** Opening Dataset excerpts block **
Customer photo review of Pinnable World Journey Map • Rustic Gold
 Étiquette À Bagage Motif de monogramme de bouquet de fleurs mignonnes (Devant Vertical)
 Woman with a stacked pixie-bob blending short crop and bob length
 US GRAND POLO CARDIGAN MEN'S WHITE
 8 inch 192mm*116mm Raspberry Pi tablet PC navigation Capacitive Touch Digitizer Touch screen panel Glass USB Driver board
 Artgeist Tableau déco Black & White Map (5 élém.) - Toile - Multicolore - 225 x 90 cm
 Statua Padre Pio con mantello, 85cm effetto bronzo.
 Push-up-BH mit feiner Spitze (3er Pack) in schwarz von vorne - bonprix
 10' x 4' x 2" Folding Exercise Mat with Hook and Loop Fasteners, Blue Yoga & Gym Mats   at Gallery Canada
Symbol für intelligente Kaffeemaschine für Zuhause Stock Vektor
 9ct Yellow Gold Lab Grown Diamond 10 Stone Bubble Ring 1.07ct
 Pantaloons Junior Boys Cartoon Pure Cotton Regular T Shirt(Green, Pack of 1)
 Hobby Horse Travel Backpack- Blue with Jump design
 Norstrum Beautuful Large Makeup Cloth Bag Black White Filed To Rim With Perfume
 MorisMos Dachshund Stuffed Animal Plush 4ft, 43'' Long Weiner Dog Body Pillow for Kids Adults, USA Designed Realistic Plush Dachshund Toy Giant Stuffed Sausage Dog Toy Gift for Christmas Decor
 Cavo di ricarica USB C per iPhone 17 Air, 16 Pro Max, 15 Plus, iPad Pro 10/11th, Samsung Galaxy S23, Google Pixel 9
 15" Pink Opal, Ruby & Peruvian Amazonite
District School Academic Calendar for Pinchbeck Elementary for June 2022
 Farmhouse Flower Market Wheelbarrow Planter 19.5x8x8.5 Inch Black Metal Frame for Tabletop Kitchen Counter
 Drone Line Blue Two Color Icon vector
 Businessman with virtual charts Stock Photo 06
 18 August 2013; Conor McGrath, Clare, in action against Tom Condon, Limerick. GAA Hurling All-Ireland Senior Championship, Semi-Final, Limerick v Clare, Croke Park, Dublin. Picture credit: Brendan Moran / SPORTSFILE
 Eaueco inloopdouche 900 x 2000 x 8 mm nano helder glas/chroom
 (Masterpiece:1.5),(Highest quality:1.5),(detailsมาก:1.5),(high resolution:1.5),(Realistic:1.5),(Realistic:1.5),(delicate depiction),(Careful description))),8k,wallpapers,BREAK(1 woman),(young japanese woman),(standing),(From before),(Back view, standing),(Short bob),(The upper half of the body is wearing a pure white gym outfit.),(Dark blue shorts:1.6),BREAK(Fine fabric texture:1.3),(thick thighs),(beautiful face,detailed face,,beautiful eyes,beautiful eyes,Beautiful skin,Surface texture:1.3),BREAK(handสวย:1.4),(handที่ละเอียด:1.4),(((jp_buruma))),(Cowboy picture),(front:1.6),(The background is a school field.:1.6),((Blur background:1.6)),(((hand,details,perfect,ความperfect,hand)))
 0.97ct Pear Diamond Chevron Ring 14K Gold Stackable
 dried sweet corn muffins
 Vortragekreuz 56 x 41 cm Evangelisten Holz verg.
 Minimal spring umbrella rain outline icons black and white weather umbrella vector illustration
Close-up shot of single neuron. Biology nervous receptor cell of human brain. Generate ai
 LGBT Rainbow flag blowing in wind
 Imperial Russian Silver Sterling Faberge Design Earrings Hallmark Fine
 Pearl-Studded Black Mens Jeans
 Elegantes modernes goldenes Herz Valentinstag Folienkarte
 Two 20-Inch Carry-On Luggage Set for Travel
** Closing Dataset excerpts block **
▶ _What you need to do_: In your answer, include only the lines above starting at the line that holds "Ruby & Peruvian Amazonite" and ending at the line that holds "Close-up shot of", copied exactly.

▶ _Your response_:
 15" Pink Opal, Ruby & Peruvian Amazonite
District School Academic Calendar for Pinchbeck Elementary for June 2022
 Farmhouse Flower Market Wheelbarrow Planter 19.5x8x8.5 Inch Black Metal Frame for Tabletop Kitchen Counter
 Drone Line Blue Two Color Icon vector
 Businessman with virtual charts Stock Photo 06
 18 August 2013; Conor McGrath, Clare, in action against Tom Condon, Limerick. GAA Hurling All-Ireland Senior Championship, Semi-Final, Limerick v Clare, Croke Park, Dublin. Picture credit: Brendan Moran / SPORTSFILE
 Eaueco inloopdouche 900 x 2000 x 8 mm nano helder glas/chroom
 (Masterpiece:1.5),(Highest quality:1.5),(detailsมาก:1.5),(high resolution:1.5),(Realistic:1.5),(Realistic:1.5),(delicate depiction),(Careful description))),8k,wallpapers,BREAK(1 woman),(young japanese woman),(standing),(From before),(Back view, standing),(Short bob),(The upper half of the body is wearing a pure white gym outfit.),(Dark blue shorts:1.6),BREAK(Fine fabric texture:1.3),(thick thighs),(beautiful face,detailed face,,beautiful eyes,beautiful eyes,Beautiful skin,Surface texture:1.3),BREAK(handสวย:1.4),(handที่ละเอียด:1.4),(((jp_buruma))),(Cowboy picture),(front:1.6),(The background is a school field.:1.6),((Blur background:1.6)),(((hand,details,perfect,ความperfect,hand)))
 0.97ct Pear Diamond Chevron Ring 14K Gold Stackable
 dried sweet corn muffins
 Vortragekreuz 56 x 41 cm Evangelisten Holz verg.
 Minimal spring umbrella rain outline icons black and white weather umbrella vector illustration
Close-up shot of single neuron. Biology nervous receptor cell of human brain. Generate ai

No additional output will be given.